I don't want to personalize this too much but I'm an example of somebody who is arguably one of the most authoritative in some regionally focused fields that need editors, also I'm known statewide as a straight shooting honest guy, yet I've been rejected for even the most trivial categories many times.
True, you can't know I'd be fair so have a PUBLIC REVIEW PROCESS where editor decisions are subject to the review of the community, rather than the black box as now. I think early DMOZ was great and sincere, but abuses and overwhelming spam mean that DMOZ now fails it's own test of creating an open and impartial review process. Transparency is a virtue and DMOZ is one of the web's least transparent entities now. Wikipedia is a super example of using community and transparency successfully.
How to fix this? USE THE ONLINE COMMUNITY! rather than wasting your time rejecting that community as DMOZ does now.
apologies for ranting but I just got rejected again *today* for perhaps the 10th time, asking to edit an unedited category for which I could get 100 officials and insiders to say "yup, he's the guy you want editing that category!"

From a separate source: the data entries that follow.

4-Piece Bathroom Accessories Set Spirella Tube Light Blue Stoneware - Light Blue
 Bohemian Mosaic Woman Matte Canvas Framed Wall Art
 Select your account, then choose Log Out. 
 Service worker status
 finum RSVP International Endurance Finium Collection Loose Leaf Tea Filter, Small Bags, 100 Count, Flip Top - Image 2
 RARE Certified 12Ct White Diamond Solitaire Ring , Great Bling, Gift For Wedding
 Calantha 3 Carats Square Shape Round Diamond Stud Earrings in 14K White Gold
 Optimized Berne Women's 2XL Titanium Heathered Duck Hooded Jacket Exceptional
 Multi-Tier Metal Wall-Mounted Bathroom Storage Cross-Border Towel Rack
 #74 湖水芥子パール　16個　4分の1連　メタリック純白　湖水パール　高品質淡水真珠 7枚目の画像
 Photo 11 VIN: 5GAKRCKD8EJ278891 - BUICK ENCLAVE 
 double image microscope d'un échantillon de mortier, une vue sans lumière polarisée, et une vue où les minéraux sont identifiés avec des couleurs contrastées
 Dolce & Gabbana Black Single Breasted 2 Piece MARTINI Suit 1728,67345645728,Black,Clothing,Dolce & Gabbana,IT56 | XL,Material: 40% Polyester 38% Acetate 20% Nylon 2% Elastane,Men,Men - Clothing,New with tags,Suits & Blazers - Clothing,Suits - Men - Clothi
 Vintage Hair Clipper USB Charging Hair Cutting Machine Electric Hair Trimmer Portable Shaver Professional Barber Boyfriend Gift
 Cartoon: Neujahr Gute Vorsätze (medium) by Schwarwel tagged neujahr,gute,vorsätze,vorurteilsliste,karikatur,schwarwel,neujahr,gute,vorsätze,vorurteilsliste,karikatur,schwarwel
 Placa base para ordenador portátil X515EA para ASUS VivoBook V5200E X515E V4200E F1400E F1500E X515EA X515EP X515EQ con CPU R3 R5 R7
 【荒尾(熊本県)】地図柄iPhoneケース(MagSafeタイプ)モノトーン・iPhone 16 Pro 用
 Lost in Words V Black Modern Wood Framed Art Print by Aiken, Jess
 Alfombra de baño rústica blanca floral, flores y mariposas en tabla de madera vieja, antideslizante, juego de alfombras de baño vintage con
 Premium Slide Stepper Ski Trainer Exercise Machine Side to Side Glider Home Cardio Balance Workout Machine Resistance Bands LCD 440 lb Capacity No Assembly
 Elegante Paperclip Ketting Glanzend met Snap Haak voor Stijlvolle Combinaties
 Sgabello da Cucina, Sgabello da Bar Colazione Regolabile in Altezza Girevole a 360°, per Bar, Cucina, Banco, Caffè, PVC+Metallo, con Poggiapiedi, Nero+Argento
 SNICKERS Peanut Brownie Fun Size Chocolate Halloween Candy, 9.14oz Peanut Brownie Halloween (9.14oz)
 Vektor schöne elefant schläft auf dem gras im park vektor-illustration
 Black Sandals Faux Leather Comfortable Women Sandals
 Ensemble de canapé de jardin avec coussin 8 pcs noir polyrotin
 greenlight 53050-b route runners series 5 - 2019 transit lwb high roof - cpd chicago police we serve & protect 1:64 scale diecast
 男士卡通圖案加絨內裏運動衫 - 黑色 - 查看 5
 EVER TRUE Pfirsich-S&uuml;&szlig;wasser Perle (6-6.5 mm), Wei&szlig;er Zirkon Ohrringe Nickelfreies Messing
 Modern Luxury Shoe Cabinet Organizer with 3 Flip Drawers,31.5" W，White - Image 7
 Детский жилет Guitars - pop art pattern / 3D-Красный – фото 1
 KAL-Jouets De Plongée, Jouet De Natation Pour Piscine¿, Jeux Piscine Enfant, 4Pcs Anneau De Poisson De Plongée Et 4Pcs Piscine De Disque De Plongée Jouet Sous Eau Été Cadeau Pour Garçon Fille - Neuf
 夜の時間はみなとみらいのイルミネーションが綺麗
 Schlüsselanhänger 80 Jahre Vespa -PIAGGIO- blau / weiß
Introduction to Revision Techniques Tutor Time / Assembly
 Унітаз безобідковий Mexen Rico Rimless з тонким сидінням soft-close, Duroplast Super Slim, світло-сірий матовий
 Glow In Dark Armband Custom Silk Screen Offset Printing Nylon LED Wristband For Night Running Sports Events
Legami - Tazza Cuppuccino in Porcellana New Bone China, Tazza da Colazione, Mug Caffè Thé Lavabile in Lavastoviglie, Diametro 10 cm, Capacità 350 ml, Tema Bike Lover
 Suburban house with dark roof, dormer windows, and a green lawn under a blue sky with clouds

| 6:41 pm on Oct 2, 2005 (gmt 0)|
On approval times
>> That information at a category level would be very useful from DMOZ. <<
Useful for what? When your site is listed, it is listed. Until that time it is awaiting review. If you are waiting for a rejection so that you can resubmit as soon as it is rejected then you are working to the wrong plan.
>> If estimates were available for listing times in each of the major categories, and maybe one level down, that would help answer some questions. <<
We have given that information many times and it serves no purpose. If you really push for an answer then all I can say is that review may be done in a couple of days, or it may take a couple of years. Some categories are edited several times per week, and some are reviewed once per year. On average (and this average is meaningless in any context that you think it might have meaning) a category is visited by an editor every 6 to 8 months.
I've experienced both ends of the spectrum, from sites that are accepted almost instantly to sites that have to wait over a year. Knowing the average waiting time and queue size is useful because sites change over time, and DMOZ does not issue rejection emails.
Imagine a site has 100 pages of high-quality content added over the course of a year, since the first submission. Perhaps the site was originally barely listable, but things have improved. Should the site owner resubmit and risk overwriting the original submission, or is it better to leave it another few months?
Perhaps the directory would save some bandwidth as a result?
| 6:45 pm on Oct 2, 2005 (gmt 0)|
>problemwith that theory is DMOZ dosent send much
>traffic so the end user obviousely isnt using it
Depends on the topic. I think it's rare for anyone to use dmoz.org or the Google directory to find commercial sites. Academic, educational and informational sites DO see a fair amount of traffic from the ODP and the Google directory, though. An educational website I help to maintain sees more traffic come in from the ODP and the Google directory than from Yahoo or MSN searches.
So there ARE a lot of end-users of the ODP, but I think they're very rarely looking for something to buy. I suspect that if the ODP *were* to put in a paid review service, the way some of you want, it'd really be doing nothing but screwing commercial webmasters out of their money. There's not much traffic visiting any sector that would pay to have it, and I really think it's a myth that the mirror sites pass any advantage on at all.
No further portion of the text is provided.